This is about my book project. I'm sure ppl know that I broke the law and my offense code was 163.190 in the State of Oregon vs. (My name).
I have two titles and I don't know which ones better. Can you all help me? I have:
"Muerteria: A Deathly Path," OR
"Muerteria: A Deathly Practice."
Pls comment about which one you like better or perhaps: Give me a better one & you'll get credit & a copy of the book!
It isn't urgent! The finishing time is roughly early 2026, could be sooner. If ANY of you know a good occult publisher NOT like haughty and scholarly outfits such as Scarlet Imprint or places similar, pls tell me!!
Reason? I'm smart enough and know some big words but it means nothing at all. Just because you can wax your talk intelligently doesn't mean your message is effective in the real world nor does it mean its powerful.
My message is going somewhere. Every person I know personally - friends or just passing - wants to know MORE about Muerteria. They are not just being nice. I get a little flabbergasted, especially if its a stranger! Its happened - a couple of doctors (shrink and internist) took me aside and asked serious technical questions, but nothing about therapeutics on my behalf. Which was weird.
Ppl really do get the wrong idea about necromancy, but really who doesn't? Everything is technically labeled wrong. Every practice with the muertos is called necromancy. But it really just means divination by means of the dead. That's the Greek suffix, -mancy. I am pretty good with breaking down Greek words because I was in medicine. I find it fun! Now, another one is necrosophy, or the wisdom or knowledge of the dead. Another great Greek suffix, -sophy. Damn, I love those!

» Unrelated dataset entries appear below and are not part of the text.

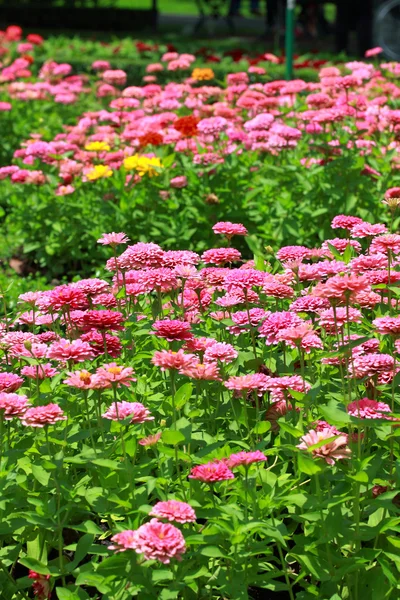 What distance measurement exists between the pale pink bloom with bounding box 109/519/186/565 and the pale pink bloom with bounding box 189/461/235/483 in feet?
0.66

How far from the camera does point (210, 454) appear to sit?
241 centimetres

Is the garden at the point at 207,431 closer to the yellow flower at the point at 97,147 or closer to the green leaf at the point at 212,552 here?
the green leaf at the point at 212,552

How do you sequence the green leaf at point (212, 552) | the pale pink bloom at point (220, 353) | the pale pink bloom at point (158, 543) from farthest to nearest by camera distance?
the pale pink bloom at point (220, 353) → the green leaf at point (212, 552) → the pale pink bloom at point (158, 543)

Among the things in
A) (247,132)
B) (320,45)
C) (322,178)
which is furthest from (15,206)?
(320,45)

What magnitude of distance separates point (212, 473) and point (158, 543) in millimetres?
281

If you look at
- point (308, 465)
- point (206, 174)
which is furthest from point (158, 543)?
point (206, 174)

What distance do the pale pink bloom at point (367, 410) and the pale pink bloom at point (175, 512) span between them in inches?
18.5

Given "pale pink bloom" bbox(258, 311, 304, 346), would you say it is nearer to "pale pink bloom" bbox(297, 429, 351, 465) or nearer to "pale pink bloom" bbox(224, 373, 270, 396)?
"pale pink bloom" bbox(224, 373, 270, 396)

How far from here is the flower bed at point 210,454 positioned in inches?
84.7

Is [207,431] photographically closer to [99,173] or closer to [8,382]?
[8,382]

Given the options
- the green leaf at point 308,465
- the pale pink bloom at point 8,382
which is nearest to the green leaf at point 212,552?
the green leaf at point 308,465

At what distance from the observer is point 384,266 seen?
285cm

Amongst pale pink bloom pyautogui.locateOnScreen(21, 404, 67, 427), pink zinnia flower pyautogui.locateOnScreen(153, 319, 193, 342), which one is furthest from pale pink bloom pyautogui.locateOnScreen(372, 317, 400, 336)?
pale pink bloom pyautogui.locateOnScreen(21, 404, 67, 427)

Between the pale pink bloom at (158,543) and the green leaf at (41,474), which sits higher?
the pale pink bloom at (158,543) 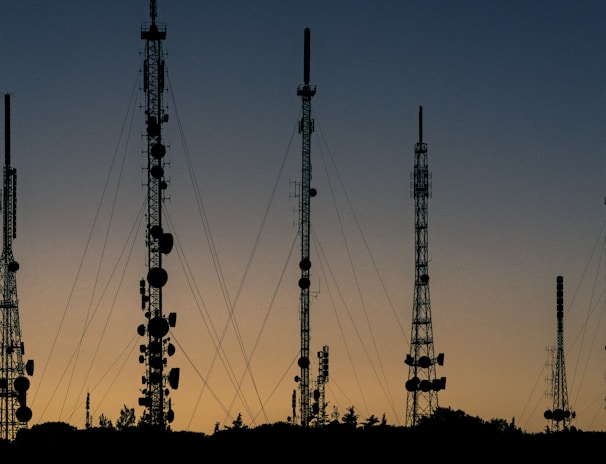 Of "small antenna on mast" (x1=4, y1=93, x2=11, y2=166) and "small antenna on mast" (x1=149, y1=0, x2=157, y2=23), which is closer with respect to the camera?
"small antenna on mast" (x1=149, y1=0, x2=157, y2=23)

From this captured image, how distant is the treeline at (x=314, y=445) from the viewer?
109750 mm

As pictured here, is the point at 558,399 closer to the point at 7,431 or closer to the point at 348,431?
the point at 348,431

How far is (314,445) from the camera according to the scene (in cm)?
11188

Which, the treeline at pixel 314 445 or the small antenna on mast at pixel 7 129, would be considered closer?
the treeline at pixel 314 445

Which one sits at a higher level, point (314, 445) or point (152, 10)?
point (152, 10)

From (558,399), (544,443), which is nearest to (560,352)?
(558,399)

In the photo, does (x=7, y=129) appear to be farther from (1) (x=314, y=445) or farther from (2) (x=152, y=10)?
(1) (x=314, y=445)

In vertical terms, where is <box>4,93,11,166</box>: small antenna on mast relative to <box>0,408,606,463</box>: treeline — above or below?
above

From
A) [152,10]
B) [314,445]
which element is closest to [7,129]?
[152,10]

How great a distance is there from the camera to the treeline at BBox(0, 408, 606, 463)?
110 m

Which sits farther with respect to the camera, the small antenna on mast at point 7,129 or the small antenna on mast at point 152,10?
the small antenna on mast at point 7,129

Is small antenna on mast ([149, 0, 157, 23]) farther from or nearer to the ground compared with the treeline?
farther from the ground

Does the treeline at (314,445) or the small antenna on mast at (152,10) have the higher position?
the small antenna on mast at (152,10)

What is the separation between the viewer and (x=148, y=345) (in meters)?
111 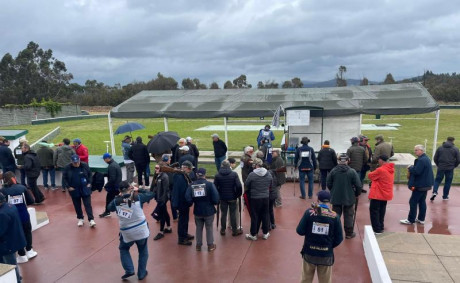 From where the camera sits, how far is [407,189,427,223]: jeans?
666 centimetres

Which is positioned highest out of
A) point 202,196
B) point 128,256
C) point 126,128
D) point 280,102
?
point 280,102

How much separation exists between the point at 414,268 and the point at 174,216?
180 inches

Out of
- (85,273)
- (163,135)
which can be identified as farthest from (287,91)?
(85,273)

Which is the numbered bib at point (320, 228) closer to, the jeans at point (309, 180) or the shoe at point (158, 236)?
the shoe at point (158, 236)

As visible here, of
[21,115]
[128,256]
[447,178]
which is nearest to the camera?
[128,256]

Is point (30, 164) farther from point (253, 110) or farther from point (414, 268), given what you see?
point (414, 268)

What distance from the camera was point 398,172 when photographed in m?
10.2

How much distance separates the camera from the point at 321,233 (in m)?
4.07

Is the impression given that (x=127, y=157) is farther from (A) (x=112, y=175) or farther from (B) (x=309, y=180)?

So, really, using a Ouija board IS necromancy by definition. Muertera/o/ists can use them, but they must go through a cleansing process and spend five days with your muertos grave dirt on it. Then, a ritual process known as Taruc Danae, which requires special ingredients that are gathered only once a year. If the Ouija board is new, it needs a basic smudging and anointing with a blessing oil, sacred to Muerteria. We only use Common Sage, not White, in Muerteria. The reasons are boundless. Don't make me post them! I'm part Native American and it ruffles my feathers. Ugh!
Anyway, Muerteria has some dark practices but sorry - no conventional sex and drugs. There are human bones used, but obtained legally. Human cremains are used too, if you own them. Muertera/o/ists do absolutely nothing illegal that has to do with the muerto's body or anything of that sort. No desecration of graves, mausoleum's or anything of that kind! You don't have to practice "black" magic, or any magic at all in this practice.
The only thing that is required is having a muerto that you have a pact with. "Honoring the muertos" is nothing in itself. You need the power exchange with a dead person. There's no maybe's or sort of, no long bout of "testing the water." There IS such a thing as being a student! But if you don't get it within 1 1/2 to maybe 2 years (stretching it!), then perhaps Muerteria isn't for you - at the moment. Study hard and try later. And yes, there are tests.
My attitude may be snarky, kinda rude, and irreverent sometimes, but there are much worse that I've seen and known personally. In the Demon/Satanic community in particular. I'm quite soft in comparison and I do NOT curse in my books, especially the "F" word on the first page?!! I just looked at a Kindle sample, saw that, looked no further, then trashed the sample! Yes, we're all adults (not necessarily) but not all of us speak like trash. And I don't want to see it in an "respected author's" book on the occult!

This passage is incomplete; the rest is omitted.